Una capa de aceite en el vino rojo se congelaba. En el casino las cortinas
rojas raídas y las niñas en patines sobre el escenario tenían frío. Imitamos
las voces de los ratones. Cuando se han ido los apoderados hemos arrojado
todas las sillas al suelo y hacemos un castillo. Dentro imitamos las voces
de los ratones. Después imitamos a los terneros. Después, Pedro nos
llevará otra vez a su vaquería y al volver de las praderas habremos perdido
tres o cinco vacas. Su padre le reñirá. Saldrá a buscarlas al anochecer, por
la hierba blanca, tras la cortina roja del anochecer. Le veremos volver por
las praderas con la linterna delante y las vacas detrás. Pedro se ha sumergido
en el depósito de pienso para hacernos reír. Ha soltado al ternero más
pequeño para hacernos reír. El ternero nos persigue en la noche helada.
Nos reímos de la canción de Pedro, otra vez. Tengo una vaca lechera, dice
la canción. Tal vez era él quien quería reír. Pero él no se ríe. O tal vez sí,
mientras conduce la bicicleta sin frenos por esa cuesta abajo, hasta chocar
contra el muro.

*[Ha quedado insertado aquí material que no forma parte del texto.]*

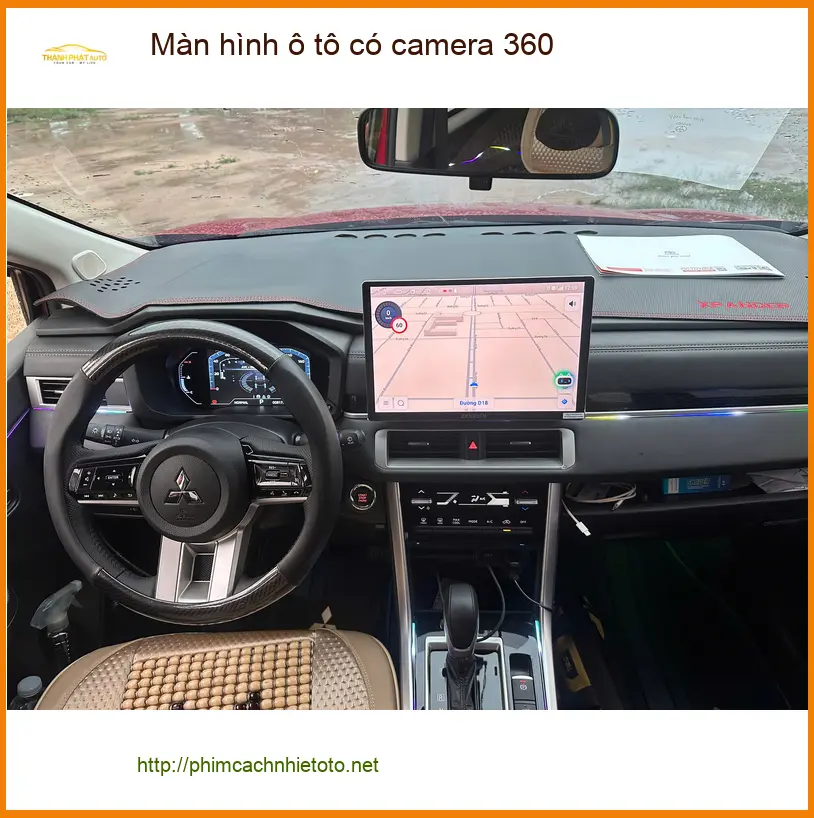 Anh Hưng lắp màn hình ô tô có camera 360 cho Honda CRV tại Quận Bình Tân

Después la ambulancia, blanca y roja, atravesando las
tinieblas. No le miréis, dijeron los primos en el hospital. Pero yo sí le miré,
y vi sus ojos blancos y rojos y el lugar por donde le salían los clavos. Me
recordó al ternero más pequeño. A ese ya no lo volveremos a ver.
8
Todas las noches intentaba escaparme de casa y más allá del confín de
nuestro pueblo. Pero siempre había alguien en la escalera. Los novios de
mis primas aguardaban en la verja con los bolsillos llenos de monedas.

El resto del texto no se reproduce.